Below are some entries. Repeat exactly the lines from the one with "So I invited" through the one with "In the search", and only those.

§ **Exercise materials**:
'''

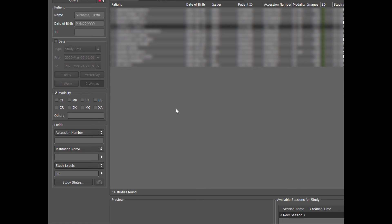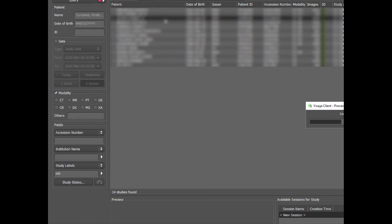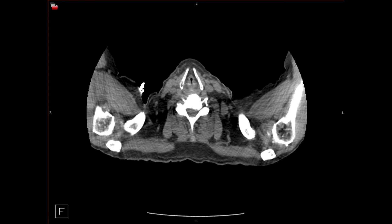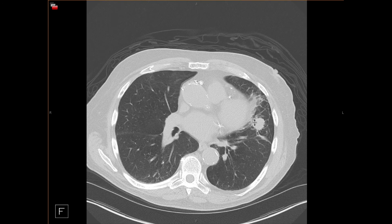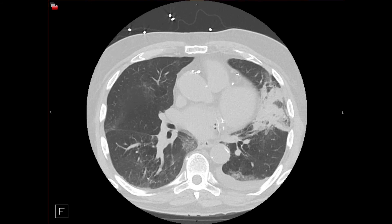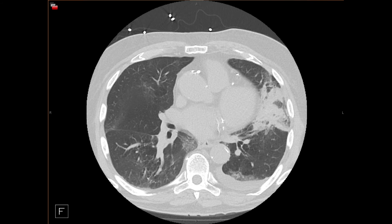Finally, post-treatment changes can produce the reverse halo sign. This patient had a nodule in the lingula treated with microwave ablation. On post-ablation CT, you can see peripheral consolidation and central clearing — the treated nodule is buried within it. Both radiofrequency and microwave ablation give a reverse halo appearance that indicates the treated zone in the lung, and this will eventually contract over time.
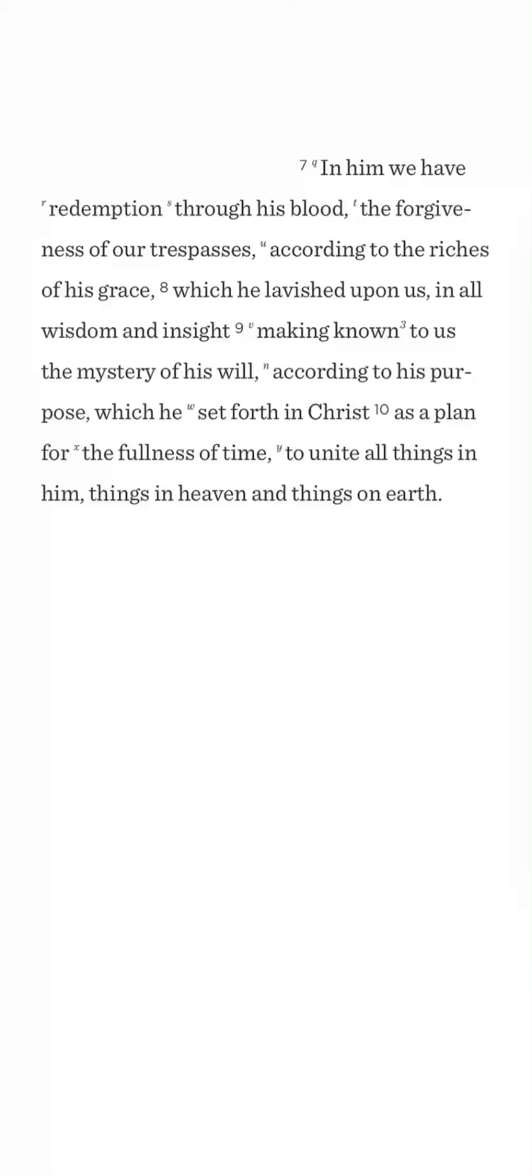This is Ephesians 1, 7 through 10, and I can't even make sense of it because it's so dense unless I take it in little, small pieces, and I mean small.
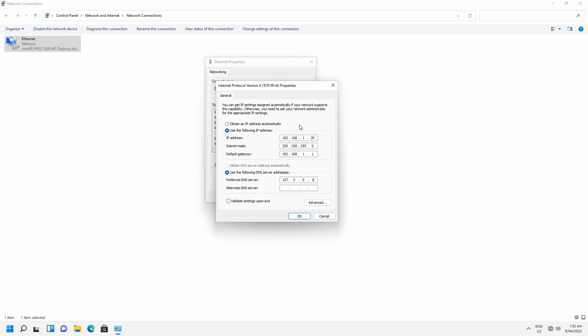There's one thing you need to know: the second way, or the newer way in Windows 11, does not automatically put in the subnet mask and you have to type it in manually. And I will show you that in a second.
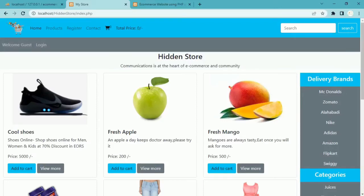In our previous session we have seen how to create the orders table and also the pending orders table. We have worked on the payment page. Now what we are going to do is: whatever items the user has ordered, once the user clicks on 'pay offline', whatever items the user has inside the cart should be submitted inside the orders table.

'''
'''

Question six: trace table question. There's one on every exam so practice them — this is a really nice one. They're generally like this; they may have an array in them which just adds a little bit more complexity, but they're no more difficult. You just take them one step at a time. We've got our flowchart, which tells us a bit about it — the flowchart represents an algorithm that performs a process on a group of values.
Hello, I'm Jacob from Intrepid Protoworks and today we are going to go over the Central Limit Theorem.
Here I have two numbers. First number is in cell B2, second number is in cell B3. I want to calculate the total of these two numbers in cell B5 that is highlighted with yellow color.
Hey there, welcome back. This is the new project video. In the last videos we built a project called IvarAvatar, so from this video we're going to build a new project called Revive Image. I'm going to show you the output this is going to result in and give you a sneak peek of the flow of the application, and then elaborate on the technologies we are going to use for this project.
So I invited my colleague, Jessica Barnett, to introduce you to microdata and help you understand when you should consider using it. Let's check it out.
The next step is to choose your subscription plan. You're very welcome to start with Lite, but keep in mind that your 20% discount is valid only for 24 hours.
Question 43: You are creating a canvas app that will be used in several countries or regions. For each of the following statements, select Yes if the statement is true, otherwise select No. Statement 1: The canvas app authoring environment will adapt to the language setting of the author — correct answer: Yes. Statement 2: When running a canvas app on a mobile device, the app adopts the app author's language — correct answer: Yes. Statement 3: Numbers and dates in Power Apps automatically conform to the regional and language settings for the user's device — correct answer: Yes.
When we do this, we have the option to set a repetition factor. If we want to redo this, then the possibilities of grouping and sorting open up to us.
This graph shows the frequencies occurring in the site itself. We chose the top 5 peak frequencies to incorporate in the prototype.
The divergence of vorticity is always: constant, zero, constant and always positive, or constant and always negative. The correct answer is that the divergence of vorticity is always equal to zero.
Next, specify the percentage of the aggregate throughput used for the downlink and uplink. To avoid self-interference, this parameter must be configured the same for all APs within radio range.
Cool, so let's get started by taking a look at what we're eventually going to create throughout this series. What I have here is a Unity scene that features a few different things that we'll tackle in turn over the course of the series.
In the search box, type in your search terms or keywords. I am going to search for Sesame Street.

'''

§ **Task result**:
So I invited my colleague, Jessica Barnett, to introduce you to microdata and help you understand when you should consider using it. Let's check it out.
The next step is to choose your subscription plan. You're very welcome to start with Lite, but keep in mind that your 20% discount is valid only for 24 hours.
Question 43: You are creating a canvas app that will be used in several countries or regions. For each of the following statements, select Yes if the statement is true, otherwise select No. Statement 1: The canvas app authoring environment will adapt to the language setting of the author — correct answer: Yes. Statement 2: When running a canvas app on a mobile device, the app adopts the app author's language — correct answer: Yes. Statement 3: Numbers and dates in Power Apps automatically conform to the regional and language settings for the user's device — correct answer: Yes.
When we do this, we have the option to set a repetition factor. If we want to redo this, then the possibilities of grouping and sorting open up to us.
This graph shows the frequencies occurring in the site itself. We chose the top 5 peak frequencies to incorporate in the prototype.
The divergence of vorticity is always: constant, zero, constant and always positive, or constant and always negative. The correct answer is that the divergence of vorticity is always equal to zero.
Next, specify the percentage of the aggregate throughput used for the downlink and uplink. To avoid self-interference, this parameter must be configured the same for all APs within radio range.
Cool, so let's get started by taking a look at what we're eventually going to create throughout this series. What I have here is a Unity scene that features a few different things that we'll tackle in turn over the course of the series.
In the search box, type in your search terms or keywords. I am going to search for Sesame Street.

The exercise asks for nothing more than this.